Author: Robert Creenan
For about nine years, the garden at the intersection of Elmwood, Potomac, and Bidwell has been allowed to overgrow as it was only sporadically attended with no real plan of action. Its current state as a maintained community garden only came about last year when Barbara O’Brien, part of the Beautification Committee of the Elmwood Village Association, stepped up and called for volunteers to overhaul the plot of land.
The landscaper in charge of designing the garden, Matthew Dore of Buffalo Horticulture, had a few different ideas in mind regarding the direction that the garden would take, including one that featured a statue.

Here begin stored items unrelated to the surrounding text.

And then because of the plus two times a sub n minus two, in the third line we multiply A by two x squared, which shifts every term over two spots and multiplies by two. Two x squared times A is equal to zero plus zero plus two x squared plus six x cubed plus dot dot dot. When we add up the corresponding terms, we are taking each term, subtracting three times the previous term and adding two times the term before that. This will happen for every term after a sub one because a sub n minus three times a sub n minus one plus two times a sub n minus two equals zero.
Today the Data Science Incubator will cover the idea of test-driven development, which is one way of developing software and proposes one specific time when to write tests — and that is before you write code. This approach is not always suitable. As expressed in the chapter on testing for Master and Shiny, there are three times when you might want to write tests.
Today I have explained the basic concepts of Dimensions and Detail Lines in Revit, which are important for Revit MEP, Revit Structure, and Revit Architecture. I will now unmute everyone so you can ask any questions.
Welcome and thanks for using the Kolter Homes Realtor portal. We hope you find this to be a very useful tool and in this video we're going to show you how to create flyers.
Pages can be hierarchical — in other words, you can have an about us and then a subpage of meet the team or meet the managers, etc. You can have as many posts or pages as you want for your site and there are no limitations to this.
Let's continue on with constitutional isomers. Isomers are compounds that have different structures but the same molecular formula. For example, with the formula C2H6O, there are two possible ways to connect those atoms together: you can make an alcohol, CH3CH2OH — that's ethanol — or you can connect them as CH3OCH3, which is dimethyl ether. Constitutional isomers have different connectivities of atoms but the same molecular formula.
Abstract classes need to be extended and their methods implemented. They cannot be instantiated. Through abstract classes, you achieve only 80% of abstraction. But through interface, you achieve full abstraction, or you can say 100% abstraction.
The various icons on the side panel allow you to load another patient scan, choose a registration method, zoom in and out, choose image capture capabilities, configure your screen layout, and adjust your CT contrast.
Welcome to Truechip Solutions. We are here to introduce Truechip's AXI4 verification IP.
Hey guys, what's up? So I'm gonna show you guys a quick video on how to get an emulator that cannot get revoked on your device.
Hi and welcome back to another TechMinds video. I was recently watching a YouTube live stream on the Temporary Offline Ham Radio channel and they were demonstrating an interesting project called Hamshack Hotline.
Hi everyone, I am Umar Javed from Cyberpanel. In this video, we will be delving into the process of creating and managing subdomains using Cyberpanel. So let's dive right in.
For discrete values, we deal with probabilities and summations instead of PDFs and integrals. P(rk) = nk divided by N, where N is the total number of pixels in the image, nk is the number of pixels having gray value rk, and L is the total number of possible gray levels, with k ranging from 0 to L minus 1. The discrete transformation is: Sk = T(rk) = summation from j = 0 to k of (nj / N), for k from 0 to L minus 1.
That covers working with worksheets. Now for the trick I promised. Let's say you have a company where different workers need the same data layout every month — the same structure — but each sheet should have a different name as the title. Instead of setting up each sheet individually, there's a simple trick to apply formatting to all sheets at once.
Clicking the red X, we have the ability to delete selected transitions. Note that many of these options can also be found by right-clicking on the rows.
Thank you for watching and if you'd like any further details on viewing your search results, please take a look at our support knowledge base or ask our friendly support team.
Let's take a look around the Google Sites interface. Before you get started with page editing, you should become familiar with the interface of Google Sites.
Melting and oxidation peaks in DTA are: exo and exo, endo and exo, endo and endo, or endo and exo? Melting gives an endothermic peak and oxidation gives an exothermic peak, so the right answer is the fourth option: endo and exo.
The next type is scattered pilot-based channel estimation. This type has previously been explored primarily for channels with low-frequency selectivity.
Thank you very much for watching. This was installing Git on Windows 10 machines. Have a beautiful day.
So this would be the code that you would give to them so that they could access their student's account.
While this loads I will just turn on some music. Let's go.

“We also wanted to simplify it as much as possible by reducing the amount of square footage to maintain,” said Dore. “The low hedges that face Elmwood also don’t obstruct the view of Bidwell heading into the Olmsted parks.”
The garden contains 13 varieties of native perennial flowers, such as pink and purple salvias, Jacob’s ladder, spiderwort, and Shasta daisies. “For the flowers,” O’Brien said, “we wanted ones which are in bloom for three seasons, spring, summer and fall.”
The biggest achievement that came out of renovating this garden was that for the first time ever, the garden at Elmwood, Potomac, and Bidwell will be in the Buffalo Garden Walk. “It’s good for the people who live in the area, including me and Matthew,” added O’Brien.
The garden will still be maintained by volunteers through the Elmwood Village Association.